I've been pimping it in my Story Hour (I even had one character inherit the barony that Kirkwood is a part of) and I know I've gotten a couple of people interested.

With any luck, the release of the PDFs will help things out.  Any of those upcoming adventures for higher-level folk?  Maybe you guys could do a new, even better city for AU?

J


----------



## MEG Hal (Jul 30, 2003)

drnuncheon said:
			
		

> *Suck.
> 
> I've been pimping it in my Story Hour (I even had one character inherit the barony that Kirkwood is a part of) and I know I've gotten a couple of people interested.
> 
> ...




Thanks drnuncheon, as for AU the next two books gave been green lit and we not have discussed what #4 will be so... ya never know.  Once again we will not kill Bluffie just not do any more in print books for it at this time.
/slaps head
Yes I can not believe I forgot about http://direkobold.com they have 3 and all from Wil and for a small subsrcition price you can scale them...so get those and the two we are releasing and you will actually have a heavy Bluffside year!


----------



## thundershot (Jul 30, 2003)

Tell you what, Hal... I'll forgive you if you let RPGNow sell them as PODs. 

Please?

PDFs are way too messy to print out and put in a binder for actual use....


Thanks
Chris


----------



## MEG Hal (Jul 30, 2003)

thundershot said:
			
		

> *Tell you what, Hal... I'll forgive you if you let RPGNow sell them as PODs.
> 
> Please?
> 
> ...




mmmm never even thought of that, I will talk to Doug and consider that.  I have seen some of the POD from ENPublishing and was suprised at the quality!

Great idea Chris!


----------



## thundershot (Jul 30, 2003)

YES!!! There is HOPE!








Thanks!
Chris


----------



## Mystic Eye (Jul 30, 2003)

thundershot said:
			
		

> *Tell you what, Hal... I'll forgive you if you let RPGNow sell them as PODs.
> 
> Please?
> 
> ...




That is a good idea! I will follow up on that. I am also sorry that I forgot to mention the three part adventure series at Dire Kobold by Wil Upchurch. They are awesome.


----------



## Crothian (Jul 31, 2003)

I like the idea of PODs as well.  I was impressed by the way they looked at the EN Publishing boothe.


----------



## Dave G (Jul 31, 2003)

Just another supporter of the setting who wants to add in my love of this product line.


----------



## der_kluge (Jul 31, 2003)

So what do the fans want to see for Bluffside?  Modules?  More Locations, more NPCs?  Details on the organizations?  Crunchy bits?
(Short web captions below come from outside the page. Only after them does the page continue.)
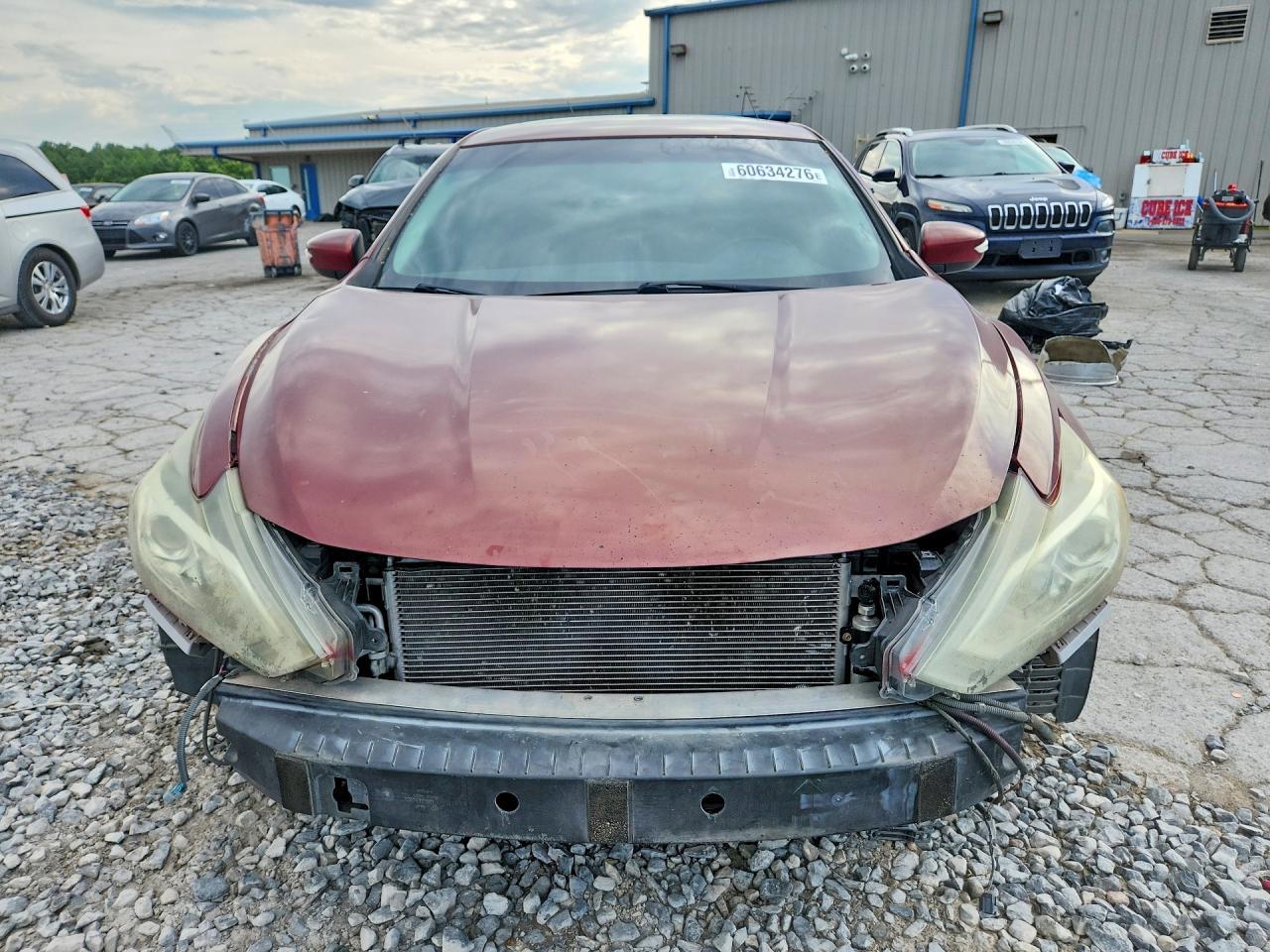 2016 Nissan Altima 2.5 Sv - Image 5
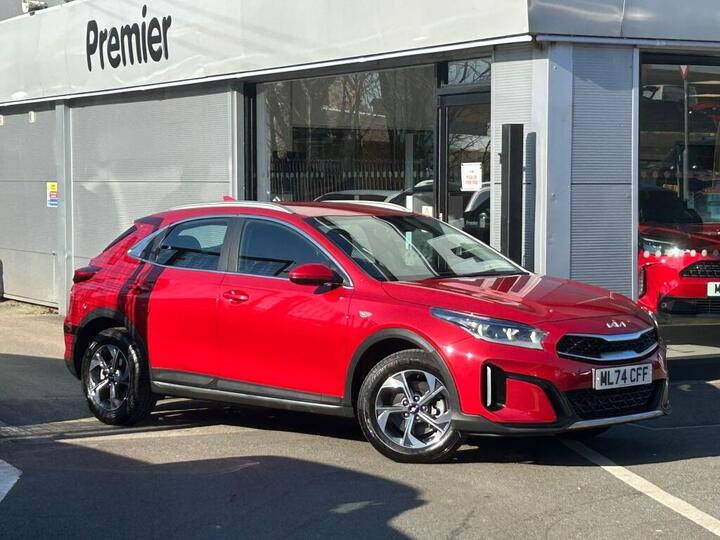 Kia XCEED HATCHBACK 1.5 T-GDi 2 Euro 6 (s/s) 5dr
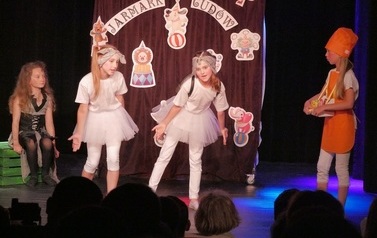 Teatr Agrafka - Rozterki małych gwiazdek (13 czerwca 2022)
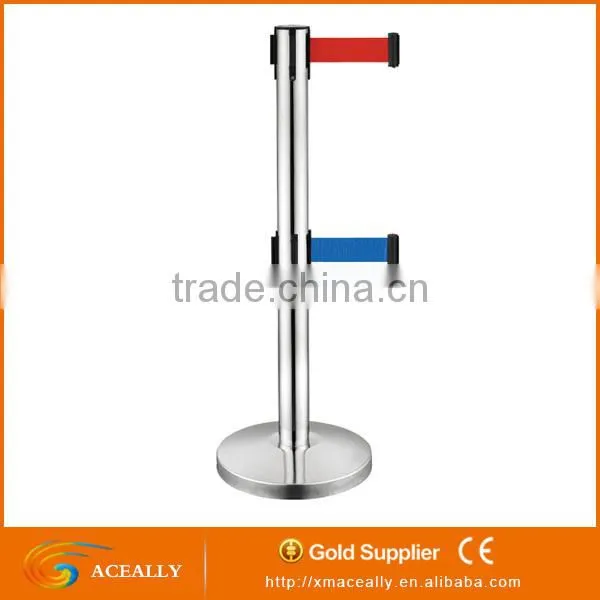 Aceally Road Crash Traffic Plastic Pliable Barrier photo-3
I mean, damn, Bluffside is already more city than a reasonable person can shake a stick at (I should know, I've tried, and I just can't shake a stick at it).  So what is there a demand for?


----------



## Crothian (Jul 31, 2003)

die_kluge said:
			
		

> *So what do the fans want to see for Bluffside?  Modules?  More Locations, more NPCs?  Details on the organizations?  Crunchy bits?
> 
> I mean, damn, Bluffside is already more city than a reasonable person can shake a stick at (I should know, I've tried, and I just can't shake a stick at it).  So what is there a demand for? *




The Black Tower, more info on the history and the many secrets of Bluffside.  More on the cliff divers, I really like those guys and that idea.


----------



## Dave G (Jul 31, 2003)

*What do _I_ want to see for Bluffside?*

I would love to see an adventure written up that takes a party from the city into the ruins of Sem La Vah (sic?)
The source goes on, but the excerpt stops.